- Theatrical release poster
- Directed by: Peter Yates
- Screenplay by: Peter Benchley; Tracy Keenan Wynn;
- Based on: The Deep by Peter Benchley
- Produced by: Peter Guber
- Starring: Robert Shaw; Jacqueline Bisset; Nick Nolte; Louis Gossett; Eli Wallach;
- Cinematography: Christopher Challis
- Edited by: David Berlatsky
- Music by: John Barry
- Production companies: Casablanca FilmWorks; EMI Films;
- Distributed by: Columbia Pictures (US); Columbia–EMI–Warner Distributors (UK);
- Release dates: 17 June 1977 (United States); 23 September 1977 (United Kingdom);
- Running time: 124 minutes
- Countries: United States; United Kingdom;
- Language: English
- Budget: $8.5–9 million
- Box office: $100 million

= The Deep (1977 film) =

1977 adventure film by Peter Yates

The Deep is a 1977 adventure film based on Peter Benchley's 1976 novel of the same name. It was directed by Peter Yates and stars Robert Shaw, Jacqueline Bisset, and Nick Nolte.

==Plot==
While scuba diving near shipwrecks off Bermuda, vacationing couple David Sanders and Gail Berke recover small artifacts, including a glass ampoule with amber-coloured liquid and a gold medallion bearing a woman's image and the letters "S.C.O.P.N." (meaning "Santa Clara, ora pro nobis", or "Saint Clara, pray for us") and a date, 1714. An unknown sea creature suddenly grabs Gail's wood baton as she probes the wreck's crevices. Panicked, she gets loose from the strap while the baton's end is left shredded. Sanders and Berke seek advice from historian and treasure hunter Romer Treece on the medallion's origin. He identifies the item as Spanish as he palms the ampoule, taking an interest in the couple.

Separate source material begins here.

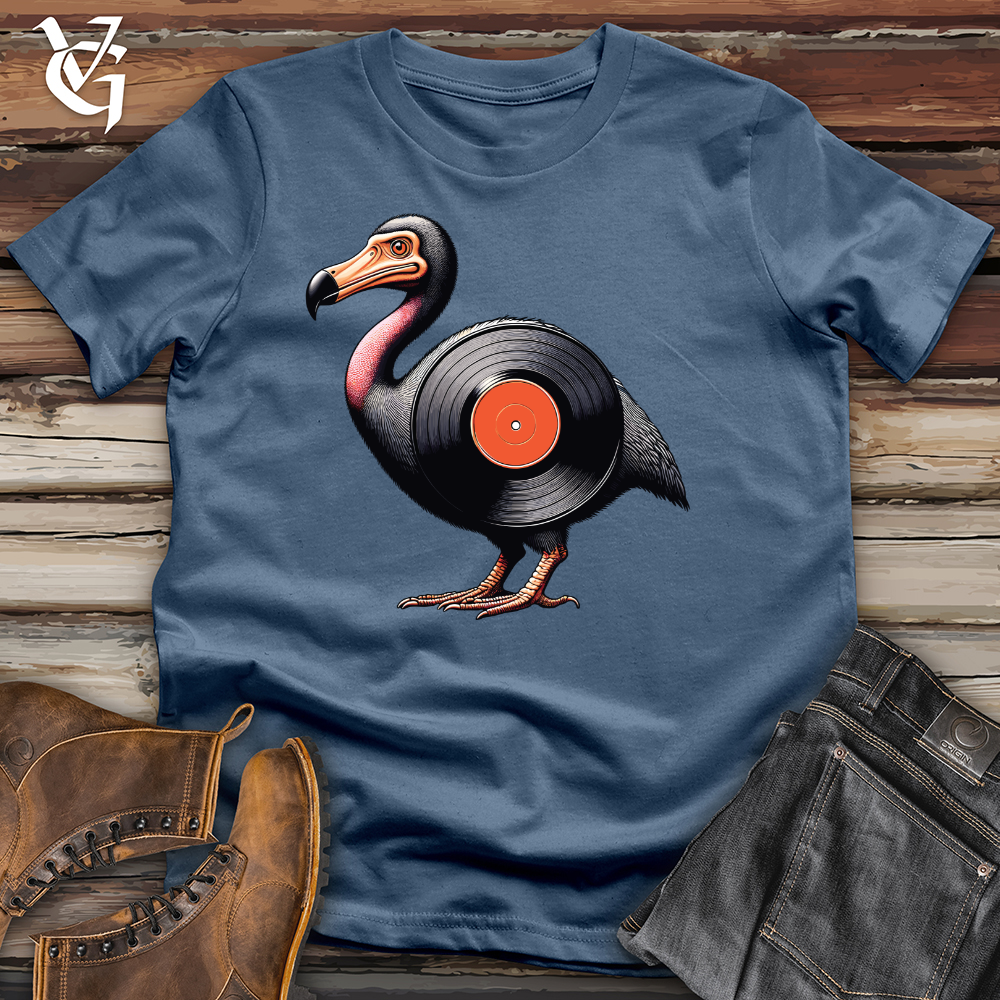 Viking Goods Vinyl Bird Record Cotton Tee Steel Blue / L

The dive-shop clerk notices the ampoule, which in turn attracts the attention of Henri "Cloche" Bondurant, a local drug kingpin for whom the clerk works. When Cloche unsuccessfully tries to buy the ampoule, he begins terrorizing the couple. The ampoule contains medicinal morphine from the Goliath, a ship that sank during World War II with a cargo of munitions and medical supplies. The Goliath is off-limits to divers due to the still-live explosives. Treece concludes that a recent storm has exposed the morphine and unearthed a much older wreck containing Spanish treasure that is beneath Goliath.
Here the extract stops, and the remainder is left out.